As a professional photographer I get asked this question all the time. Customers regularly have relatives or friends that offer to take their photographs for them, and it’s very tempting to try and save some of the budget this way. After all it’s a big cost, and it can’t be that hard to take a few photographs can it?
Actually, unfortunately it can. Wedding days go by really quickly. And there are a lot of moments that need to be captured. And they need to be captured quickly, and perfectly. You can’t very well ask the vicar to repeat a bit when you’ve missed it.
But why do we actually charge so much? Well basically it’s mostly down to running costs.
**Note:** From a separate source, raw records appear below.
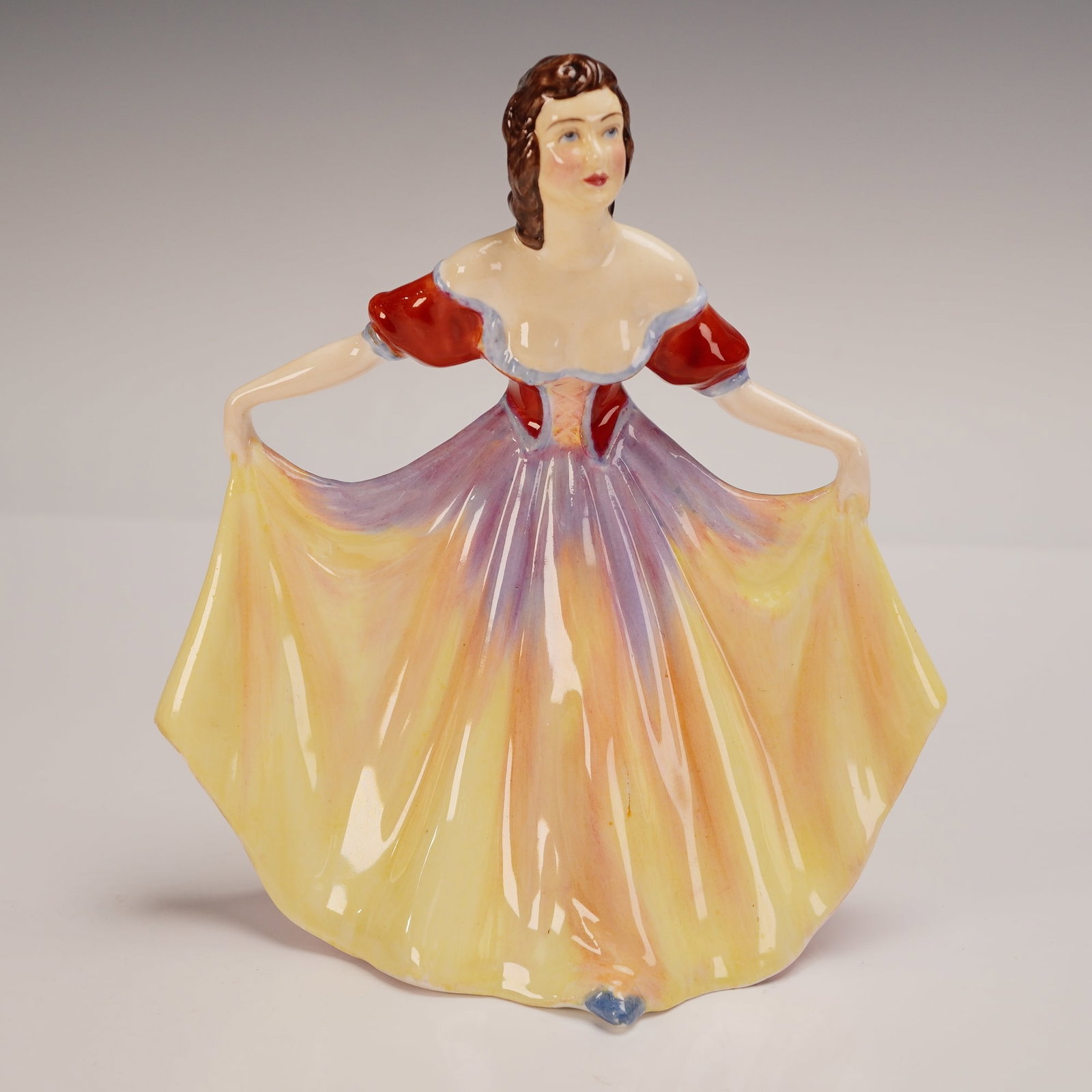 Paragon China Figurine Kaitlyn (1 of 3)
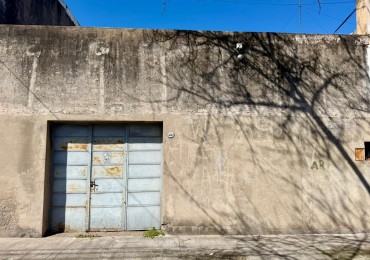 Venta Galpon con vivienda a reciclar 8,66 x 31,5 - Mataderos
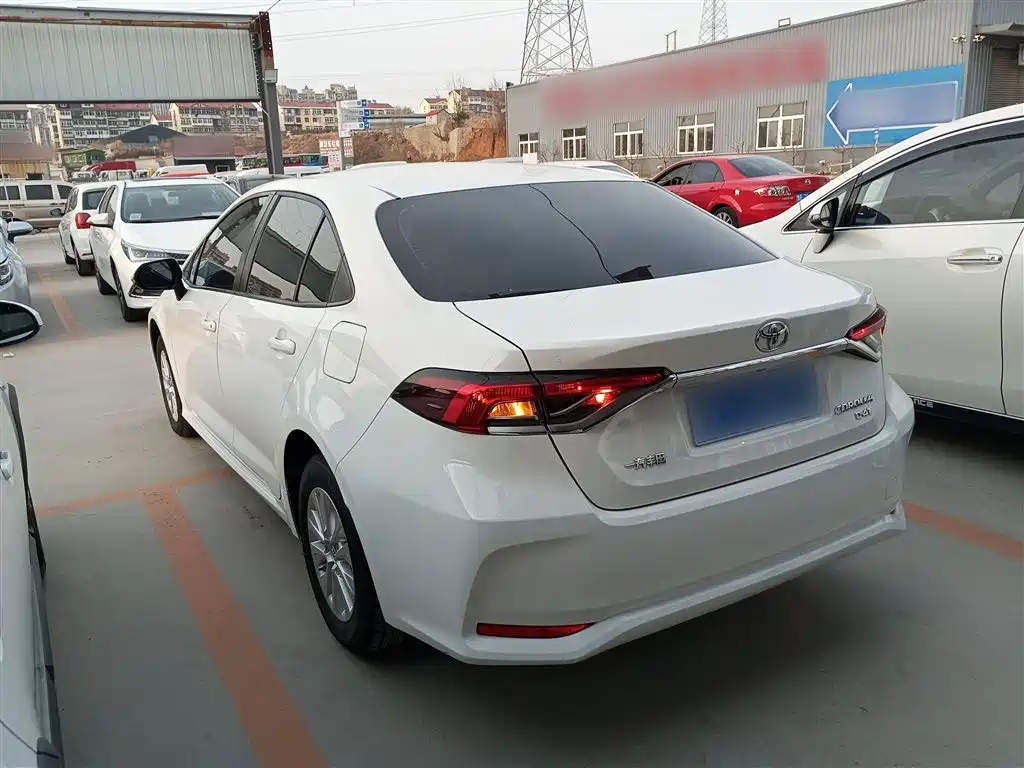 Toyota Corolla 2019 — фото 23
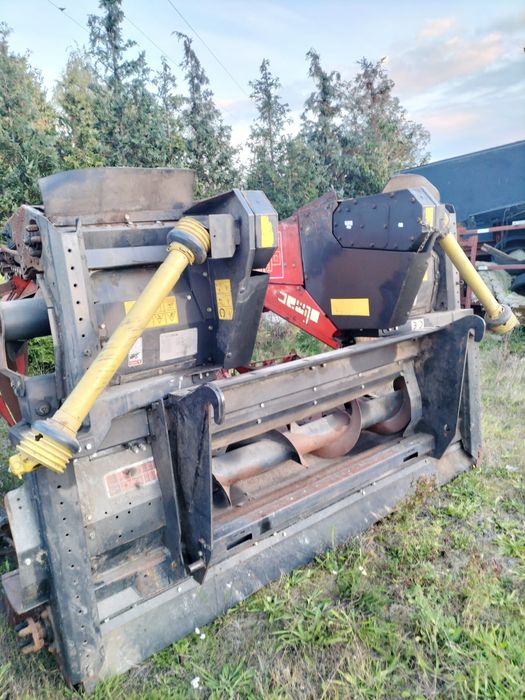 Przystawka do kukurydzy MF John Deere New Holland Laverda Fendt Claas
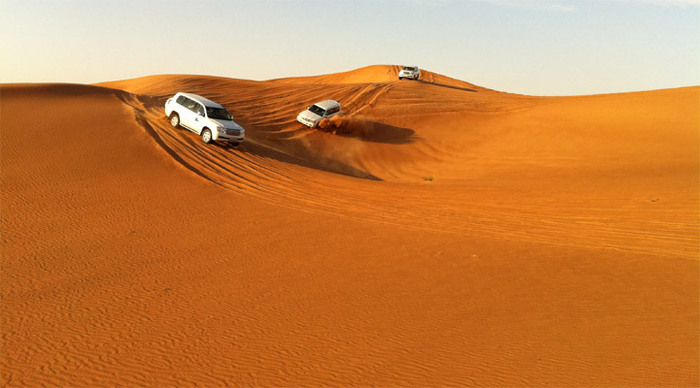 dubai-safari-cars_4-1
Each of the cameras we use cost upwards of £1000. If you image that we may need to bring several of these with us to cover different shooting situations (such as low light or bright sunshine) and also 1 or 2 to act as back-ups in case of camera failure. On top of that, there would be maybe 4-5 different lenses, 2-3 flash lights, 2 light meters, several specialist umbrellas, plus reflectors, studio lights, and various other pieces of equipment, this already makes the start out cost quite high. The cameras don’t usually last too long when taking so many shots at a time and so unfortunately have to be regularly replaced. Add in professional insurance, website running costs, and advertising or marketing, and you can see where the costs are going. It’s a really high maintenance business.
From the original perspective, it’s also an enormous amount of pressure to put on someone that hasn’t done the job before. Most people can take a good photograph on a normal day in good conditions. But weddings aren’t like that. The weather isn’t always perfect, and things don’t always run to plan. Photographing a wedding means taking hundreds of good photographs, one after the other, without pausing and without delay. There is no going back and retaking images - it's a once only job. There’s also the problem of equipment failure. What happens if the memory card fails? Or the camera battery dies? Professionals are trained to be prepared for these eventualities and often many others that you may not have thought of – such as carrying around studio lights with them in case the weather is bad and the group photos have to be taken inside the venue, or even carrying confetti in case the guests haven’t bought any with them.
So, if the worst did happen and the images did fail to come out after you asked your friend or relative to take them, how would you feel? And possibly worse, how would they feel? Would it ruin your relationship? It's such a huge responsibility for someone to take on so you need to be absolutely sure.
Good photography is about more than just having a decent camera and an eye for a good shot - it's about knowing how a wedding day will run and the little intricacies of the day that can affect your plans. For example how the church service will run; when the Vicar will ask if anyone has any objections; knowing exactly when the rings will be exchanged or the first kiss; how to deal with difficult weather or really bad lighting; where the buttonhole goes and which button gets left undone on the waistcoat; even what time the Vicar will ask you to be in the church. A professional photographer will be able to do and know all of these things and much, much more - because that is what they are paid to do. They may sound like little details but they make a huge difference on the day.